不都合を生じる可能性があるものはいつか必ず不都合を生じます。有名な法則でしょう
再び主人公の前に姿を現した"神"に対して、主人公は挑戦的な態度を取ります。
「相変わらず目に余る態度だな。なるべく無干渉を貫くつもりだったが、愚かな子羊には道を示してやらねばならん」
「お気遣いなく。柵の中で飼われるのは性に合わない」
「なぜ創造主を称えぬ。昔は語り掛けるだけで人々は神を崇め、時には人間側からの呼びかけすらあった」
「だから伝統工芸品にも祈りを捧げろと?ご冗談でしょ」
「やがて貴様の心も信仰に満たされるであろう」
「あ、悪質すぎるマッチポンプ…。どこまでクソッタレなんだ?」
立身出世、自己保身という位相・レイヤーに重なるように、「信仰」という要素が加わり、物語は複雑な様相を呈してきます。そこに軍事に関する知識が加わります。理不尽な世界を生きる主人公の言動や生き方が存在感をもって迫ってきます。

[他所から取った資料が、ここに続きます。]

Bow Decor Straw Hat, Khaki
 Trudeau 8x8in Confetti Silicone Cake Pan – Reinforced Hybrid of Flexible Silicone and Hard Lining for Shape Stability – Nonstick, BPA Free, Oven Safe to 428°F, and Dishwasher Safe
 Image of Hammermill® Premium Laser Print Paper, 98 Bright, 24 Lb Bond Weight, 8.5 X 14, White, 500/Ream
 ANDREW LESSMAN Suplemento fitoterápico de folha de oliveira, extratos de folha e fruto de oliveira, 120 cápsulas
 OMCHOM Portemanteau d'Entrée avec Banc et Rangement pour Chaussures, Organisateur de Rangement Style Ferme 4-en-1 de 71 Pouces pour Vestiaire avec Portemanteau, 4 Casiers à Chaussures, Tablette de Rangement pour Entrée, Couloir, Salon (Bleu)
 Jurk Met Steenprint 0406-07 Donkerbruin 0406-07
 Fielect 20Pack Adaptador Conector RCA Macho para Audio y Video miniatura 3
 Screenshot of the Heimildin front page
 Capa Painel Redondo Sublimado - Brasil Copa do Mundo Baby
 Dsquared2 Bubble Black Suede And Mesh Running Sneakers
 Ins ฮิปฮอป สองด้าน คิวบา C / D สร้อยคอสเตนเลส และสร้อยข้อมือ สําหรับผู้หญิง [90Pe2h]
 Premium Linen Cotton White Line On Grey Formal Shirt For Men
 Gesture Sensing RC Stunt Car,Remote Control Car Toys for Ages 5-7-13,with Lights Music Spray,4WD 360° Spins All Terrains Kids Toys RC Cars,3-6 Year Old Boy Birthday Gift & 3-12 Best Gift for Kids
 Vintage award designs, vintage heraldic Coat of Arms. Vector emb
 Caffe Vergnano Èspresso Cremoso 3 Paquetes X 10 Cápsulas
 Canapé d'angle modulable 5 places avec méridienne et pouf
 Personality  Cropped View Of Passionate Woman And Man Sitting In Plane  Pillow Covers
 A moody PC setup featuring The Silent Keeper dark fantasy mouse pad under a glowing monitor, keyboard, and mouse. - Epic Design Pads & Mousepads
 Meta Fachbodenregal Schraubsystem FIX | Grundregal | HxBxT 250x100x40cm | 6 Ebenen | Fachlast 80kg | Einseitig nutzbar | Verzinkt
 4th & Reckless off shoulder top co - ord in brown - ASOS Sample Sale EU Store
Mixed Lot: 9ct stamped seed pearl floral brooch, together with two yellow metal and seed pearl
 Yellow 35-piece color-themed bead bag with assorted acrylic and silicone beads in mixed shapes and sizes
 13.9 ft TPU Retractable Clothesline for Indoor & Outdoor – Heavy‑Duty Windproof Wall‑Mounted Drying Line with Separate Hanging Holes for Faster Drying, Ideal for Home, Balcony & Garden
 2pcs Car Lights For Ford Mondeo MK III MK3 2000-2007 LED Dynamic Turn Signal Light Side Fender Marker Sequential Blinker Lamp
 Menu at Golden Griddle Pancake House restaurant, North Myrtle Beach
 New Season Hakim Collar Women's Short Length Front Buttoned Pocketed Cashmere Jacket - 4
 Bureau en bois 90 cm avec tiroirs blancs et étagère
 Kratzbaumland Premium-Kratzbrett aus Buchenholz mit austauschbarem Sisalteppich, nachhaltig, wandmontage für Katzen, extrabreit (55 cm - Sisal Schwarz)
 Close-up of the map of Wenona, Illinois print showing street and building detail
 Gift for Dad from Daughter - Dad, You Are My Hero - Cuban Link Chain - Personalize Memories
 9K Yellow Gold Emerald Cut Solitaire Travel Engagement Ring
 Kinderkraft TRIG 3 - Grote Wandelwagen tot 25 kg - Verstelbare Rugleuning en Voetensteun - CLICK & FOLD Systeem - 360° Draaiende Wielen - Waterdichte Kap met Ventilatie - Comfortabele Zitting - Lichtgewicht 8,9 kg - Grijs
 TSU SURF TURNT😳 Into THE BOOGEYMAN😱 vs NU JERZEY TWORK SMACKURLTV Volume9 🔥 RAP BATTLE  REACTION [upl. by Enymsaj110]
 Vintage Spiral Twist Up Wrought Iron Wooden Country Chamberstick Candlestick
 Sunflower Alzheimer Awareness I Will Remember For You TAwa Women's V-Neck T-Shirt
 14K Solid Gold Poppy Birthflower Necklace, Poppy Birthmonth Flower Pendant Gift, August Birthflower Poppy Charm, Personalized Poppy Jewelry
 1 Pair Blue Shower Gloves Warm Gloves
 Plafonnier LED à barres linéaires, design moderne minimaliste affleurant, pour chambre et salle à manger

深刻なテーマを含んだ重い物語と思った期待は、続く第四話でまた裏切られます。軍の出世コースを歩み後方勤務で生き残りの道を狙った主人公の思いを阻んだのは自らの取った言動でした。自己保身と出世を第一とする主人公が上官の面談で語った言葉は、一種のギャグとして楽しめるのです。
一見アニメファン、ミリタリーファン向けの物語と思わせながら、観客の期待を先回りして思ってもみなかった仕掛けを提示する作品です。それも今私たちが実際に感じる社会の息苦しさや世相、宗教観を挑発する仕掛けも忘れてはいません。エリート至上主義のサイコパスという存在はどこの企業にもいて、彼らの存在や言動に苦しめられた人たちが共感するのかもしれません。作者はこの先どんな試みを用意してくるのか目が離せない作品です。